▶ _What needs to be done_
Reproduce the line containing "RAK Feeling Fixed" in the listing below, then every later line up to the end, precisely as written.

▶ _Provided information_
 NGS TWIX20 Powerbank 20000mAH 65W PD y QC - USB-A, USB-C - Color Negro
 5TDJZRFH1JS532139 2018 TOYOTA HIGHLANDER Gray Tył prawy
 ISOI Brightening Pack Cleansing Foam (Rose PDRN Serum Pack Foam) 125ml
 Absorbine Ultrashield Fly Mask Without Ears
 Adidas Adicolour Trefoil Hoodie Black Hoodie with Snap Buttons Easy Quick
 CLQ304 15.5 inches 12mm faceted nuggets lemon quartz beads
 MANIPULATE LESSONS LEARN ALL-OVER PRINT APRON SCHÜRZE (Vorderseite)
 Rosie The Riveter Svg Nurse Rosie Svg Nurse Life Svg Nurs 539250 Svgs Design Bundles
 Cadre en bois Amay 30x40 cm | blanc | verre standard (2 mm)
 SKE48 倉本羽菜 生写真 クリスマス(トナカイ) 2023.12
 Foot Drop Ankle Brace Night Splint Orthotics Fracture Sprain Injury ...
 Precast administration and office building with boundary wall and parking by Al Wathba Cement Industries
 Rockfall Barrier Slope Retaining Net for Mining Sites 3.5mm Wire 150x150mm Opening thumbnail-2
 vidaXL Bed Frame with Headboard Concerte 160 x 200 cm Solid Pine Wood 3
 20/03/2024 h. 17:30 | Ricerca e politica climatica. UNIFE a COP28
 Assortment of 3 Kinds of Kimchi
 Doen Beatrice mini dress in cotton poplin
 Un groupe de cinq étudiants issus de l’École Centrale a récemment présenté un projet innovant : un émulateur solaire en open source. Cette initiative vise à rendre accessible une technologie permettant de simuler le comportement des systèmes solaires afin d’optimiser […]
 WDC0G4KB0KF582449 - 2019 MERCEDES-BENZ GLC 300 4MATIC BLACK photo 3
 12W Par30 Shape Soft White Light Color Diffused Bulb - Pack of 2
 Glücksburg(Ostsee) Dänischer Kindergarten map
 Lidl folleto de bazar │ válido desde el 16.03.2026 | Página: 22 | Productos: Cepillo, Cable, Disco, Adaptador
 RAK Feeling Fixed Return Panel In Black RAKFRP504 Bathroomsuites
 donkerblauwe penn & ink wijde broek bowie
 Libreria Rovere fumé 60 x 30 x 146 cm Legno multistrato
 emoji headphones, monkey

▶ _Result of the exercise_
 RAK Feeling Fixed Return Panel In Black RAKFRP504 Bathroomsuites
 donkerblauwe penn & ink wijde broek bowie
 Libreria Rovere fumé 60 x 30 x 146 cm Legno multistrato
 emoji headphones, monkey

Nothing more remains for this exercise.